**Records to use**:
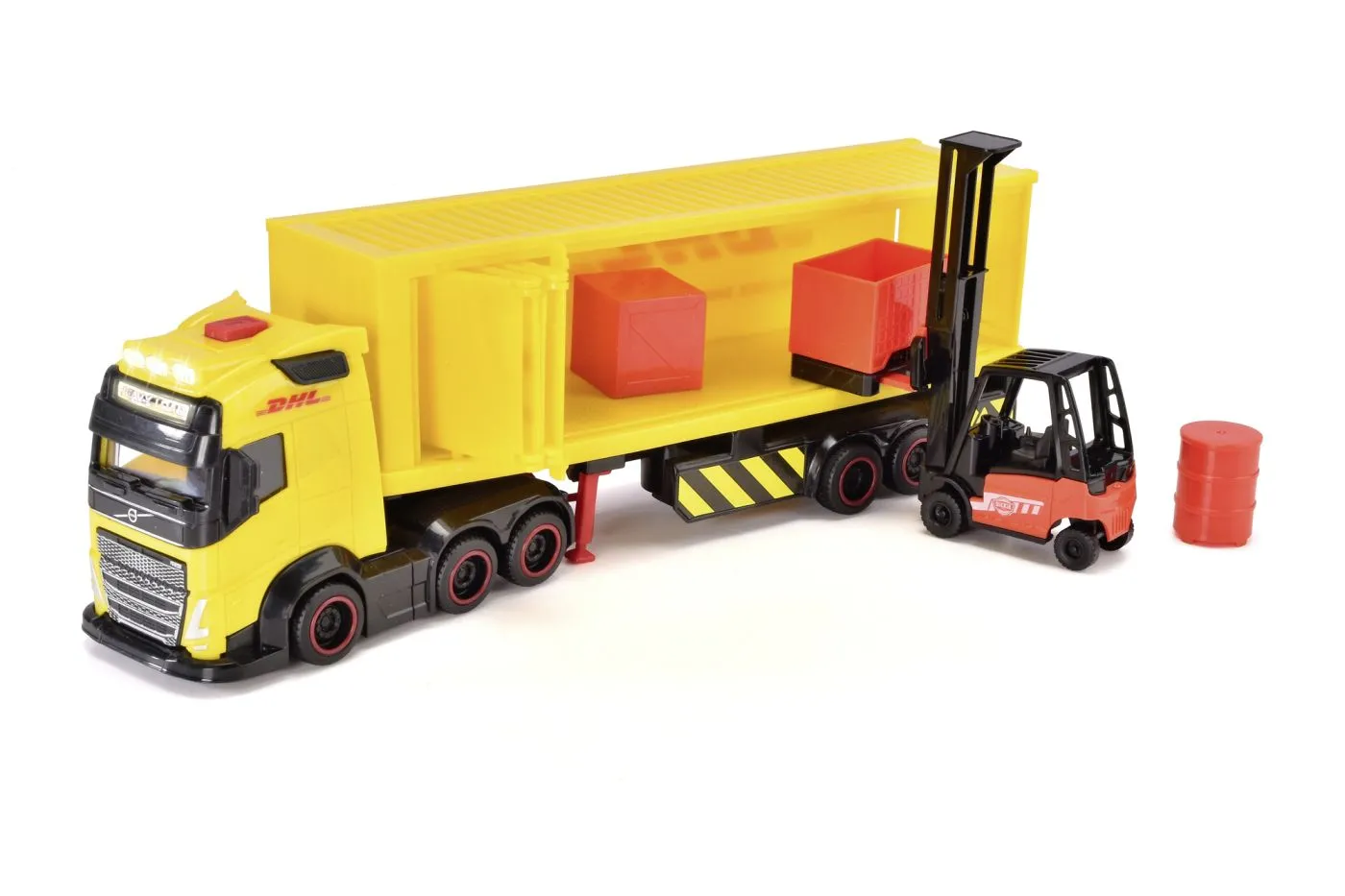 DICKIE SET CAMION DHL SI STIVUITOR CU SUNETE SI LUMINI 35CM - imagine 2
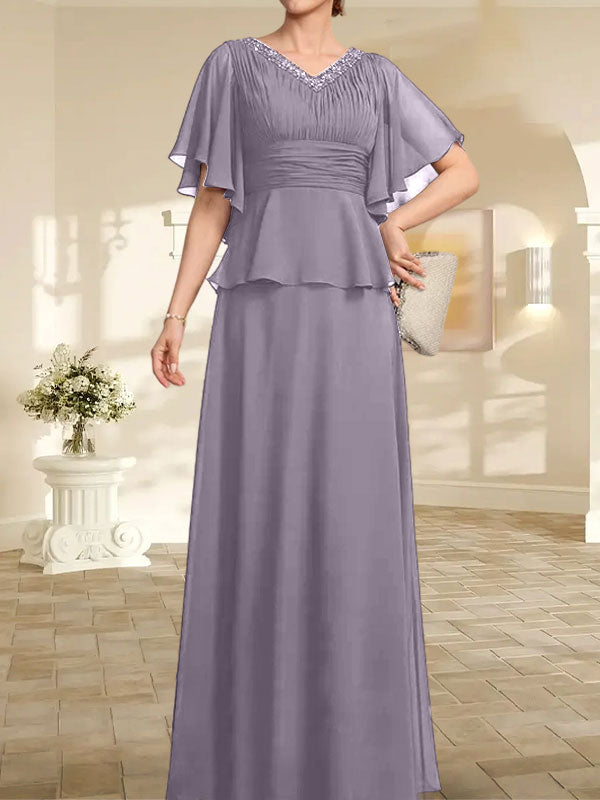 Vestido de gasa de corte A, escote en V, largo hasta el suelo, para la madre de la novia, con plisados ​​y cuentas.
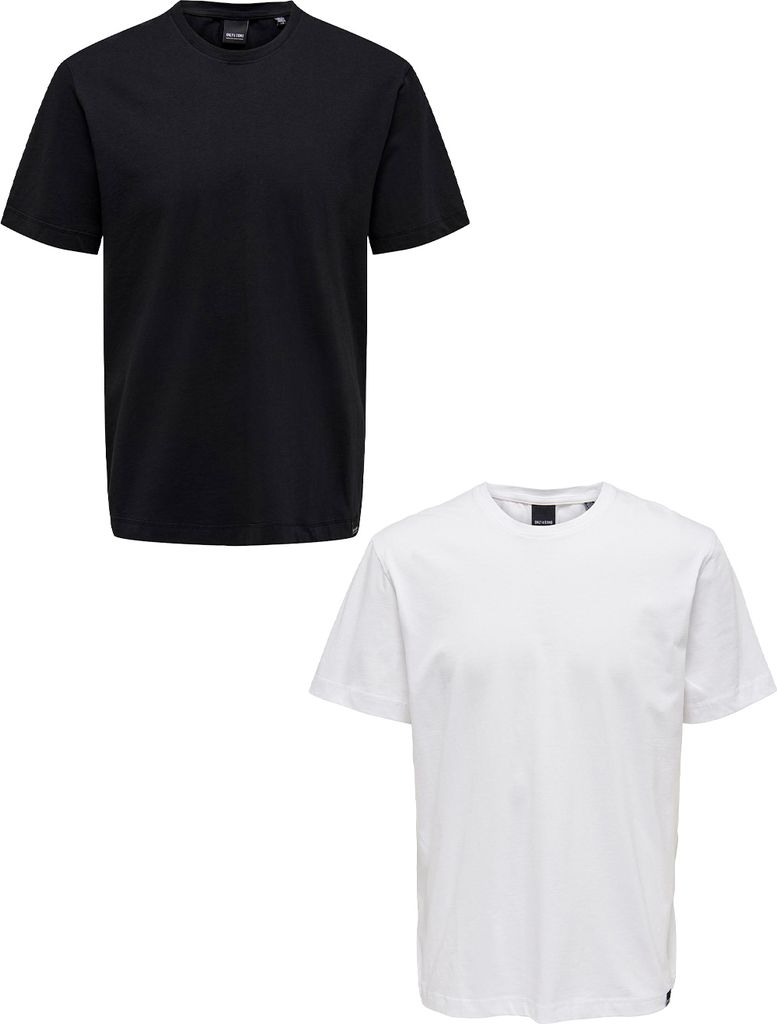 ONLY & SONS T-Shirt 2er-Set Rundhals Kurzarm Größe: XS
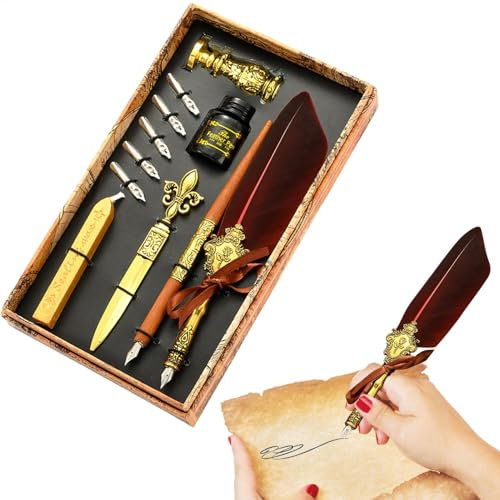Federkiel-Tintenset – Premium-Federstift Mit Tinte, Kalligraphie-Schreibset | Vintage Federkiel Und Tintenflasche, Antiker Federstift, Perfekt Für Künstlerische Projekte, Briefe, Einzigartige Geschenk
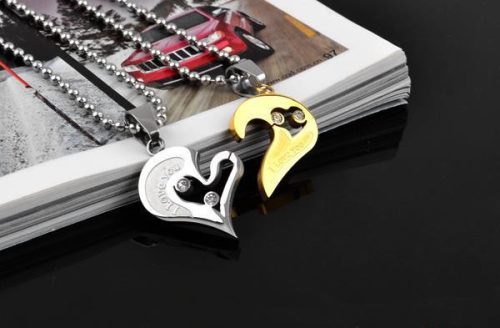 Két részes szív medálos nyaklánc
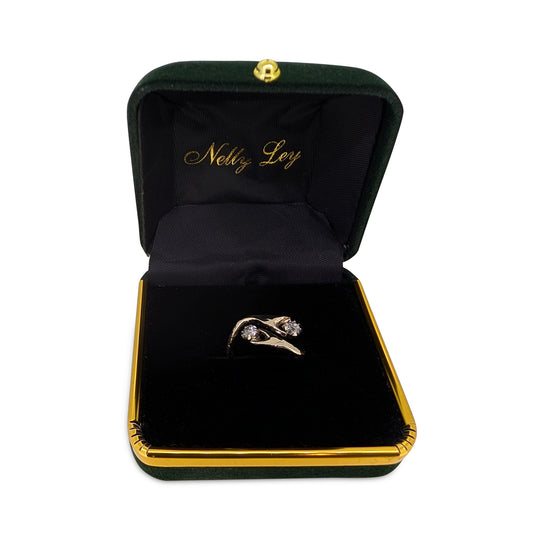 18ct Yellow Gold Diamond Hands Ring – Old Cut Natural Diamond Artisan Ring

**Task objective**:
The line containing "Két részes szív medálos nyaklánc" and every line after it, up to the last line of the data, should be returned exactly, without the pictures.

**Task response**:
 Két részes szív medálos nyaklánc
 18ct Yellow Gold Diamond Hands Ring – Old Cut Natural Diamond Artisan Ring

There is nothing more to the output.